** EXERCISE **
Repeat the data exactly, please; no pictures belong in the copy.

** STORED DATA **
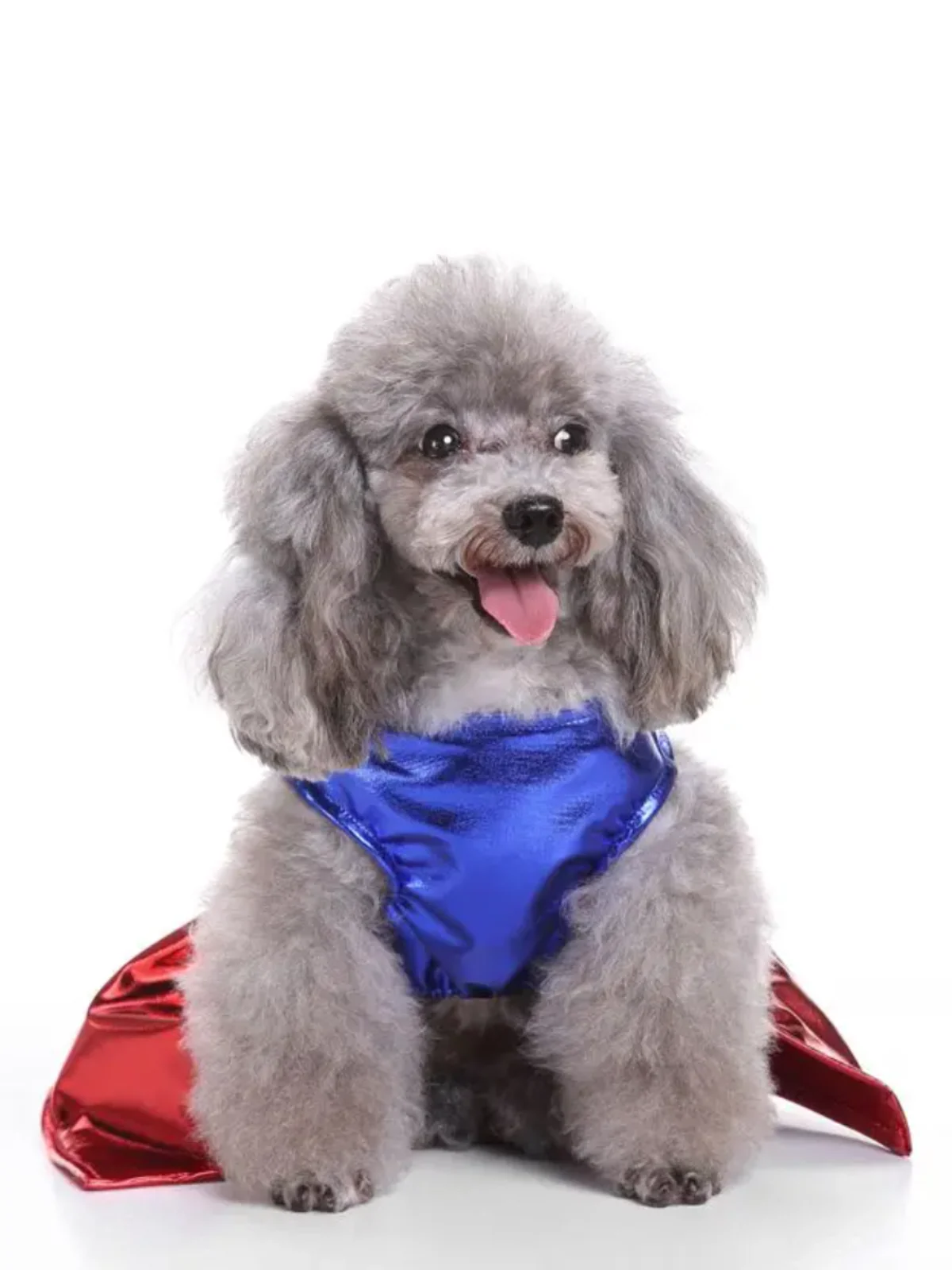 Superpaw Super Dog Halloween Costume - Image 3
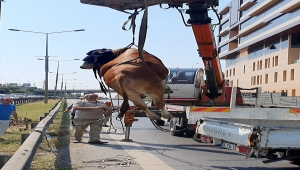 İstanbul'da kamyonetten atlayan kurbanlık boğa D-100'de trafiğe neden oldu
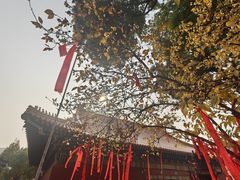 -宝通禅寺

** TASK RESULT **
 Superpaw Super Dog Halloween Costume - Image 3
 İstanbul'da kamyonetten atlayan kurbanlık boğa D-100'de trafiğe neden oldu
 -宝通禅寺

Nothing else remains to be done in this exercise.